Gemeinsam mit seiner damaligen Freundin, deren Mutter und zwei weiteren Personen soll sich der ebenfalls 22-Jährige damals auf den Weg nach Liebenau gemacht haben. „Sie planten es, dem Angeklagten zu zeigen“, heißt es in der Anklageschrift. So soll es die 20-Jährige nach der Tat gegenüber einer Polizistin ausgesagt haben. In dem Prozess hat die 20-Jährige dies bestritten. Diesbezüglich sieht die zuständige Schwurgerichtskammer noch Klärungsbedarf.

Stich neben der Wirbelsäule

Eindeutig in seinen Aussagen war der Rechtsmediziner. Ein Stich habe die Frau im Bereich des Schulterblatts getroffen. Dies habe vermutlich ein Eindringen der Klinge in die Tiefe verhindert. Der andere Stich neben der Wirbelsäule habe zu einem Pneumothorax geführt. Luft und Blut haben sich in der linken Brusthöhle gesammelt.

Im Nienburger Krankenhaus wurde eine Drainage gelegt, berichtete der Rechtsmediziner. „Damit war die Gefährlichkeit im Grunde schon gebannt“, erklärte er. Unbedingt notwendig sei die anschließende Operation in einer Klinik in Hannover gewesen. Der Stich habe um nur zwei Zentimeter eine große Schlagader verfehlt.

Angesehen hatte sich der Rechtsmediziner damals auch die Verletzungen des Angeklagten. Zu einem Schlag mit einer Eisenstange passe die festgestellte Verletzung am Hinterkopf. Die Kopfschwarte sei durchtrennt gewesen. „Man muss von einer erheblichen Krafteinwirkung ausgehen“, erklärte der Sachverständige.

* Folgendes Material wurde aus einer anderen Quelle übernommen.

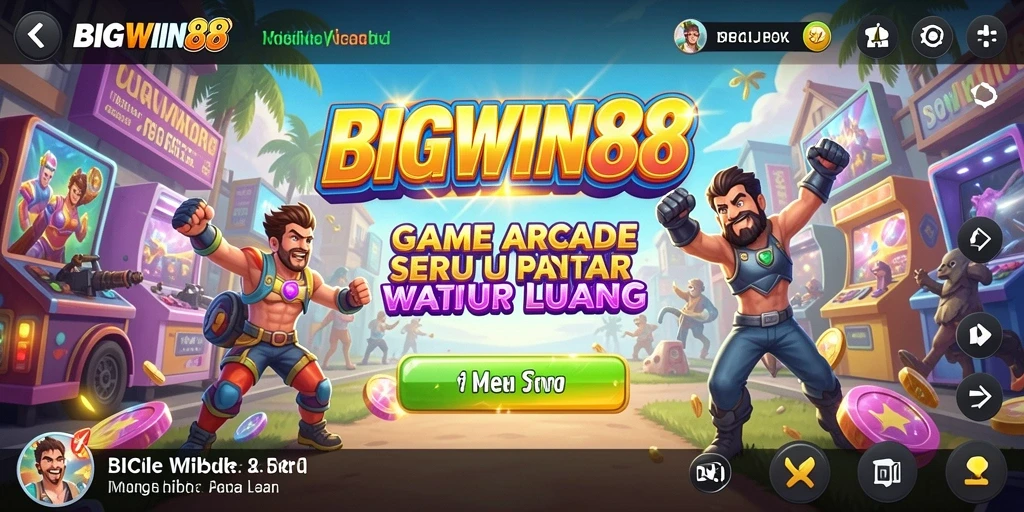 Tangkapan layar utama BIGWIN88 menunjukkan aksi gameplay Arcade yang seru dan dinamis.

„Kopf mehrfach seitlich auf den Boden geschlagen“

Der Angeklagte habe ihm von Schlägen berichtet, die er mit dem Arm abgewehrt habe. Außerdem sei er am Kragen gepackt worden. Dazu hätten die geschilderten Schmerzen und sichtbare Rötungen an Arm und Hals gepasst.

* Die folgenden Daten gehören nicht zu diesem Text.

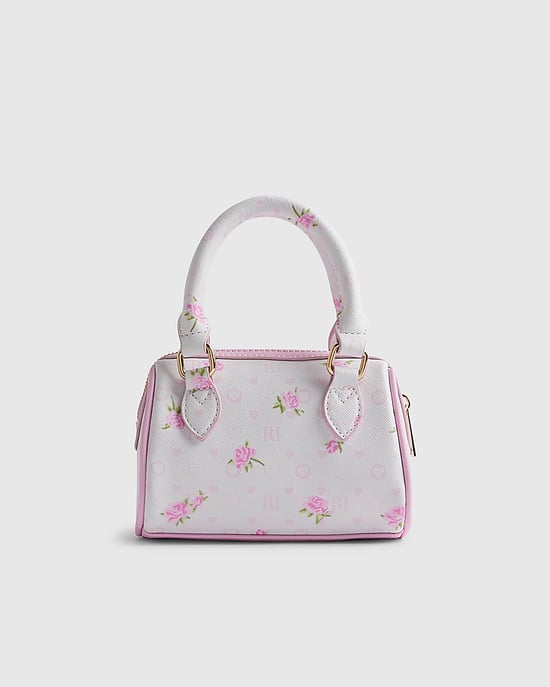 River Island Girls Bowler Bag White Ditsy Floral Mini Zipped - Image 2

Zu beurteilen hat die Schwurgerichtskammer auch die Schuldfähigkeit des Angeklagten. Nach der Tat war er von Polizeibeamten am Boden fixiert worden. Der 22-Jährige habe „geschrien und seinen Kopf mehrfach seitlich auf den Boden geschlagen“, schilderte ein Polizeibeamter. „Man hat das Knirschen der Knochen gehört. Er wirkte völlig wie von Sinnen.“

Durch Zureden habe er den Angeklagten beruhigen können, berichtete der Beamte. „Wir kannten uns aus früheren Einsätzen in Steyerberg. Es war alles ähnlich gelagert.“ Immer in Verbindung mit der Ex-Freundin und immer sei die Stimmung „sehr erhitzt“ gewesen.

Der Prozess wird entgegen der Planung bereits am Mittwoch, 8. Dezember, um 9 Uhr fortgesetzt.